I assume the response is not species richness of those birds that you computed the PCA on?

In general, I'm not a fan of using PC axes like this in models, mainly because you're going to run into problems explaining what the smooth of the two axes means in terms of the original data (bird abundances). I would also suggest that this smooth should be a tensor product, not a 2d thin plate spline, as the latter assumes the same wiggliness in all directions, which need not be the case with PCs.

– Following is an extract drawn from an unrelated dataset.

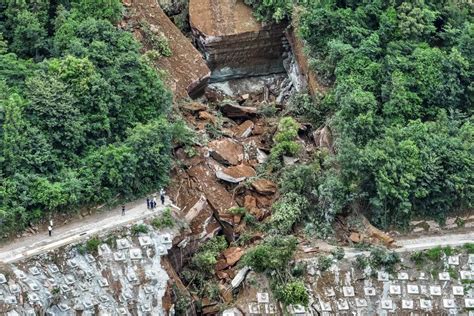 湖北五峰山體滑坡仍有7人失聯 現場全力展開搜救 澳門特區經濟報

As for the $k$ issue; the heuristic basis of the test starts to run into problems when your data are in the form of a time series or spatial layout. Even small amounts of autocorrelation left over in the residuals will cause the test to reject the null hypothesis (in my experience). Simon Wood, in his GAM book (2nd ed.) suggests an alternative:

  1. take the deviance residuals from your model,

  2. add them as the response in a GAM with the same covariate terms, the following family

    family = quasi(link = "identity", variance = "constant")
    

    and double the k on the smooth terms,

  3. look at the model summary and see if the EDF for the smooth terms in greater than 1 (the minimum),

  4. Go back to your original model and double k for any term that had a greater than 1 EDF in the model for the deviance residuals,

  5. rinse and repeat if necessary

I probably wouldn't use the the shrinkage smooth for the spatial effect as my starting point, get the main features figured out first, then switch on extra penalties if you need them.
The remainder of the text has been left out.